Investigaciones revelan graves irregularidades
Tras las acusaciones de 17 grupos ambientalistas, la presidenta Claudia Sheinbaum instruyó la creación de un comité especial integrado por titulares de dependencias federales y el director de Pemex, Víctor Rodríguez. Este grupo confirmó la veracidad de las denuncias, revelando que los funcionarios no solo ocultaron los daños en el ducto a la alta dirección, sino que demoraron ocho días en cerrar la válvula tras detectar la fuga el 14 de febrero. Posteriormente, minimizaron el impacto ambiental cuando el derrame se hizo visible.
Los funcionarios destituidos incluyen al subdirector de Seguridad, Salud en el Trabajo y Protección Ambiental, el Coordinador de Control Marino y el Líder de Derrames y Residuos, aunque sus identidades no han sido reveladas.
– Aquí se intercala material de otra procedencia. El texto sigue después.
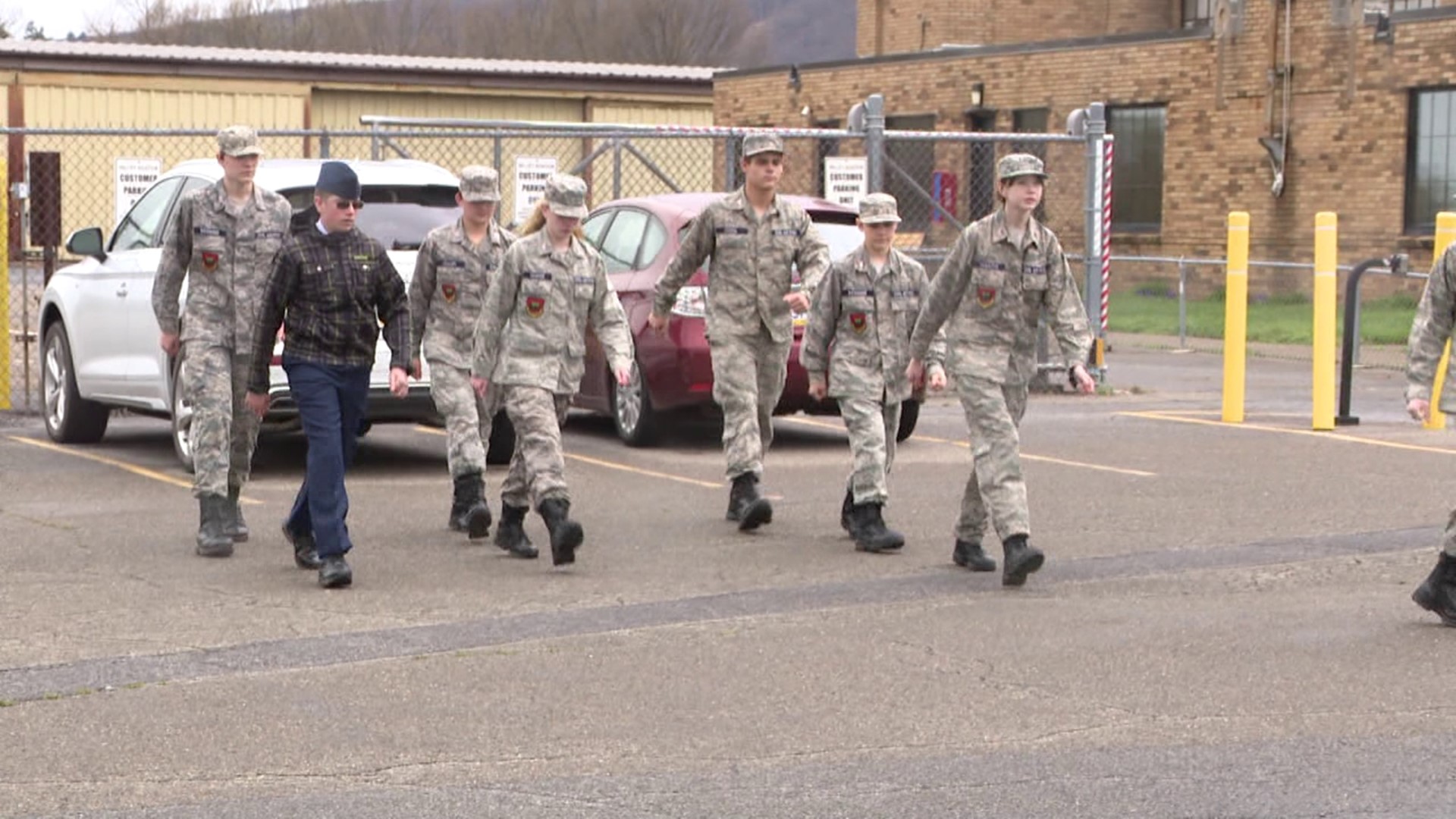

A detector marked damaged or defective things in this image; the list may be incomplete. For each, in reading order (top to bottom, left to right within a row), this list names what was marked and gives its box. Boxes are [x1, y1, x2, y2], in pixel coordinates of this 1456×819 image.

crack in asphalt [0, 521, 1432, 702]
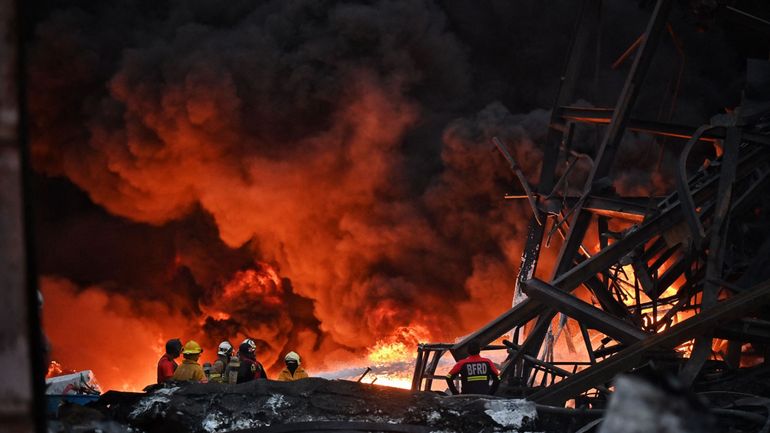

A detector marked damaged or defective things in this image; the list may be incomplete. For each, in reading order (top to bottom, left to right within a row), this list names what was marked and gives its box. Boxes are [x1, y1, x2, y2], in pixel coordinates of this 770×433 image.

burnt wreckage [414, 0, 770, 408]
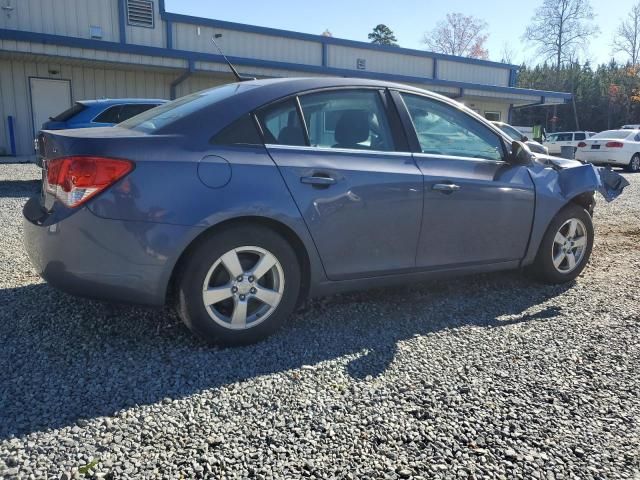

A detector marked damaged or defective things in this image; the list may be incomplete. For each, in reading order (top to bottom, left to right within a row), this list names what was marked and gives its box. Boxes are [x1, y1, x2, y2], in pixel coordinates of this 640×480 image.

front collision damage [520, 155, 632, 266]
La fiscalía federal ya inició una investigación para esclarecer los hechos, desmintiendo la versión inicial del gobierno que atribuía el derrame a un barco y filtraciones naturales.
Detalles de las irregularidades detectadas
El director general Víctor Rodríguez Padilla denunció ante la Fiscalía General de la República y la Secretaría Anticorrupción y Buen Gobierno una serie de irregularidades basadas en análisis de bitácoras y cruce de información:
- Pérdida de integridad mecánica y reparación de un oleoducto no reportada a la alta dirección.
- Fuga de hidrocarburos negada sistemáticamente por áreas operativas, especialmente en marzo cuando llegaron arribazones de petróleo a las costas.
- Coincidencia entre el sitio de la pérdida del oleoducto y el origen de la estela de aceite observada en imágenes satelitales.
- Ocultamiento de al menos 350 m3 de agua oleosa recuperada en barreras de contención.
- Contradicción entre un supuesto "lagrimeo" y el despliegue de 11 barcos para contener el derrame.
- Decisión de no cortar el flujo en su totalidad para limitar la duración y magnitud del incidente, con cierre de válvula días después de la detección.
- Solicitud del 6 de febrero al CICESE para simular numéricamente la dispersión de hidrocarburos y su llegada a playas.
Consecuencias ambientales y medidas de respuesta
El derrame ha dejado graves afectaciones ambientales en aproximadamente 630 kilómetros de costas en Tamaulipas, Veracruz y Tabasco. Según el secretario de Marina, Raymundo Pedro Morales, se han recolectado más de 915 toneladas de residuos contaminantes. El daño ecológico ha impactado a la fauna marina, con 58 centros de anidación de tortugas contaminados y al menos una docena de tortugas marinas muertas, aunque se descarta por ahora una mortandad masiva.
La titular de Ciencia, Rosaura Ruiz, confirmó que imágenes satelitales y sobrevuelos permitieron dimensionar la magnitud del derrame en la zona de Abkatun-Cantarell. Como medida preventiva, el gobierno anunció la creación de un observatorio permanente en el Golfo de México, integrado por autoridades y expertos científicos, para mejorar la transparencia, emitir alertas tempranas y fortalecer estrategias de monitoreo y respuesta.
Las autoridades reiteraron que continuarán las labores de limpieza y el apoyo a comunidades afectadas, incluyendo a miles de pescadores con actividades económicas interrumpidas.